# Three more for the freezer



## Pomphunter (Oct 24, 2012)

Had another good morning, THANK YOU MY DEAR LORD! 1-14',1-15+" &1-16+". I hate large stingrays that tear up your stuff and leave it lying in the dirt(water)! First one this trip and I hope the last, at least it was the only trash I caught today. Several more small 8-10" pomps


----------



## MrPhoShiz (Sep 22, 2010)

great job! ill be in OB tomorrow for some surf action.

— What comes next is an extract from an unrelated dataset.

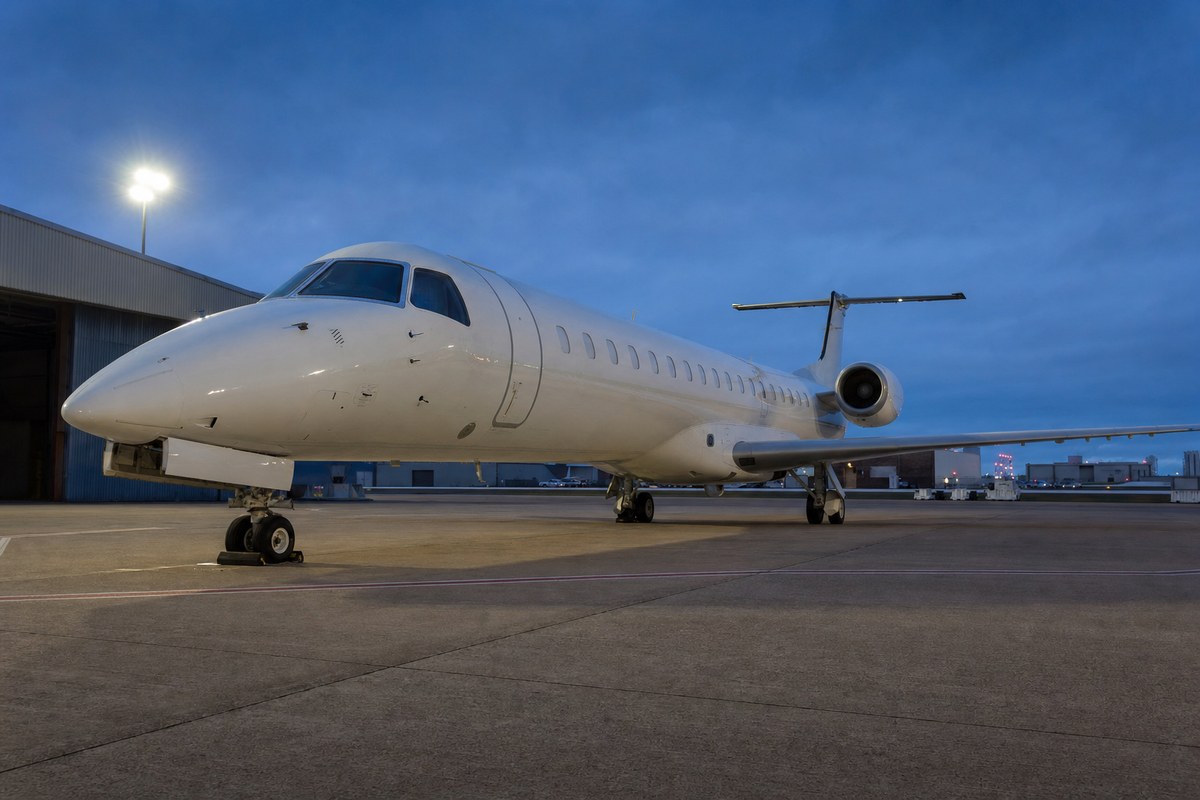 NTSB Blames Unintentional Nose-Down Trim for JSX Hard Landing at Houston Hobby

What was the bait of choice?


----------



## Pomphunter (Oct 24, 2012)

Dead shrimp, haven't seen any fleas where I am fishing, haven't looked too hard with the results I am having with shrimp/


----------



## fishin for pompanos (May 10, 2012)

That's a nice haul!!!Great day of fishing.


----------



## GROUPERKING (Sep 28, 2011)

Your whopping up on them Johnny. Proud of and for you. Still jealous though !


----------



## Gulflady (Jun 19, 2010)

Grats on the pomps, mine is still getting bigger


----------



## Fielro (Jun 4, 2012)

Congrats on the pomps, nice catch


----------



## Pomphunter (Oct 24, 2012)

Tried again today, nothing but catfish, (about 12). Quit before 8, will be back when water clears


----------



## GROUPERKING (Sep 28, 2011)

Muddy or stained Johnny ? All the rain coming tonight and tomorrow probably ain't gonna help one bit. Maybe it won't be as bad as they say it can be tomorrow. I hope it clears up quickly for you.


----------



## Pomphunter (Oct 24, 2012)

Russ, Just stained enough to turn on the cats. I figure if it doesn't rain a whole lot, with a north wind it should clear in day or two. Had to make quick trip back home but plan on trying them again Wednesday.


----------



## GROUPERKING (Sep 28, 2011)

Hopefully this storm will pass over all of us peacefully & things won't get all messed up. Just saw it scrolling across the bottom of the tv that they have already posted a tornado watch for the counties north of us.


----------



## Pomphunter (Oct 24, 2012)

Russ, Maybe what we are getting here will pull the storms away from the Gulf.


----------



## GROUPERKING (Sep 28, 2011)

I hope things don't get bad up your way


----------